In the schema.graphqls file, remove the SensorReading type and replace the query definition with the following:

metricsapi.graphqls
type Query {
SecReading(sensorid: Int!): [SecReading!]
SensorMaxTemp(sensorid: Int): [SensorMaxTemp!]
}

Note, that we made sensorid a required argument for the SecReading query endpoint.

Now, invoke the compiler with the GraphQL schema we just created and launch the updated pipeline:

sqrl compile metrics.sqrl schema.graphqls

Followed By:

(cd build/deploy; docker compose up --build -d)

When you refresh GraphiQL in the browser, you see that the API is simpler and only exposes the data for our use case.

Ingest Metrics with Mutations

So far, we have ingested metrics data from an external source imported from the DataSQRL repository.
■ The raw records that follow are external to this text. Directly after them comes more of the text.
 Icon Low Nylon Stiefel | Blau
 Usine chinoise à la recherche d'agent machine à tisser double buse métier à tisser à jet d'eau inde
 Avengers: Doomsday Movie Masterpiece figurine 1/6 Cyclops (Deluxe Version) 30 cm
The data source is static which is convenient for whipping up an example data product, but we want our data pipeline to provide a metrics ingestion endpoint.

No problem, let's add it to our GraphQL schema by appending the following mutation to the schema.graphqls file we created above

schema.graphqls
type Mutation {
AddReading(metric: SensorReadingInput!): CreatedReading
}

input SensorReadingInput {
sensorid: Int!
temperature: Float!
humidity: Float!
}

type CreatedReading {
event_time: String!
sensorid: Int!
}

To use the data created by this mutation in our SQRL script, we have to import it. Replace the first three lines of the metrics.sqrl script with:

metrics.sqrl
IMPORT schema.AddReading AS SensorReading;
IMPORT time.endOfSecond;
SecReading := SELECT sensorid, endOfSecond(event_time) as timeSec,
avg(temperature) as temp
FROM SensorReading GROUP BY sensorid, timeSec;

We are now using data ingested through the API mutation endpoint instead of the static example data. And for the timestamp on the metrics, we are using the special column event_time which captures the time data was ingested through the API.
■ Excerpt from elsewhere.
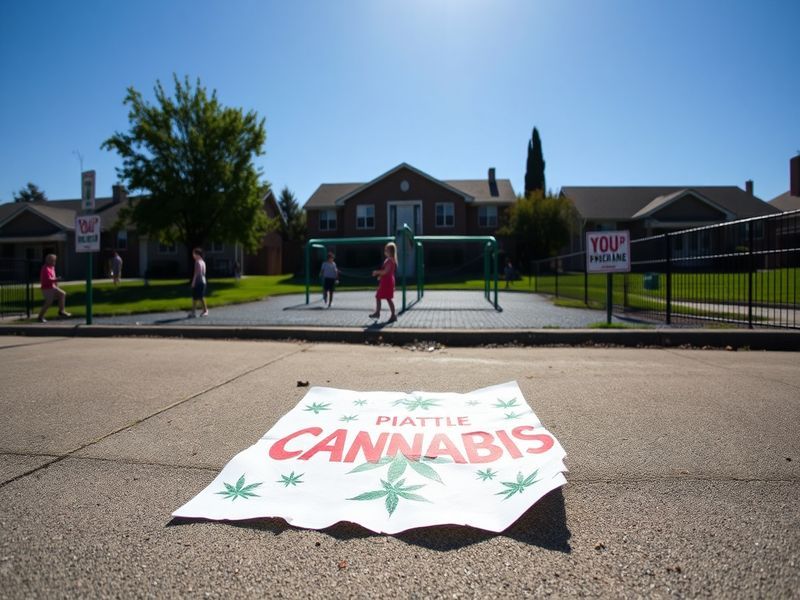 Malta Signs promoting cannabis near school disappear after outcry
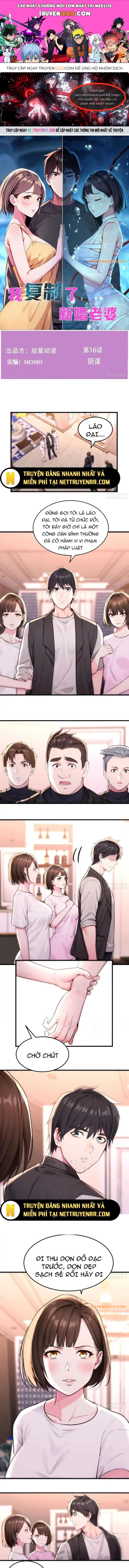 Tôi Phục Chế Người Vợ Mới Cưới Chapter 16 - Trang 2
Terminate the running service, run the compiler again, and re-launch the pipeline.

(cd build/deploy; docker compose down -v)
sqrl compile metrics.sqrl schema.graphqls
(cd build/deploy; docker compose up --build -d)

In GraphiQL, run the following mutation to add a temperature reading:

mutation {
AddReading(metric: {
sensorid: 1,
temperature: 37.2,
humidity: 88
}) {
sensorid
event_time
}
}

Hit the run button a few times and change the temperature and/or sensor id to insert multiple readings.

To query the maximum temperatures, run the following query:

{
SensorMaxTemp {
sensorid
maxTemp
}
}

Realtime Updates with Subscriptions

DataSQRL supports GraphQL subscription, so we can push processed data to the user in realtime instead of the user having to query for it. This is useful when we want to update dashboards with new metrics automatically and in realtime.

Let's add an alert when the temperature of a sensor exceeds 50°. First, we add the HighTempAlert table to our script:

metrics.sqrl
HighTempAlert := SELECT * FROM SecReading WHERE temp > 50;

Open the schema.graphqls file and add the following subscription and type:

schema.graphqls
type Subscription {
HighTempAlert(sensorid: Int): HighTempAlert
}

type HighTempAlert {
sensorid: Int!
timeSec: String!
temp: Float!
}

Terminate and rerun the pipeline:

(cd build/deploy; docker compose down -v)
sqrl compile metrics.sqrl schema.graphqls
(cd build/deploy; docker compose up --build -d)

This allows users of our API to subscribe to the HighTempAlert table with an optional sensorid argument to only receive alerts for a particular sensor. Whenever a sensor reading exceeds 50°, the user will be immediately notified.

Open two browser windows and navigate to http://localhost:8888/graphiql/ so you can see them both.

On one, start the graphql subscription:

subscription {
HighTempAlert(sensorid: 2) {
sensorid
temp
timeSec
}
}

On the other, fire off a mutation:

mutation {
AddReading(metric: {
sensorid: 2,
temperature: 90.5,
humidity: 88
}) {
sensorid
event_time
}
}

Wait a second and fire off a second one:

mutation {
AddReading(metric: {
sensorid: 2,
temperature: 95.5,
humidity: 88
}) {
sensorid
event_time
}
}

Voila, we just built a fully-functioning monitoring service that ingests, aggregates, and serves metrics data in realtime with push-based alerts. And the best part? The DataSQRL compiler ensures that it is efficient, fast, robust, and scalable.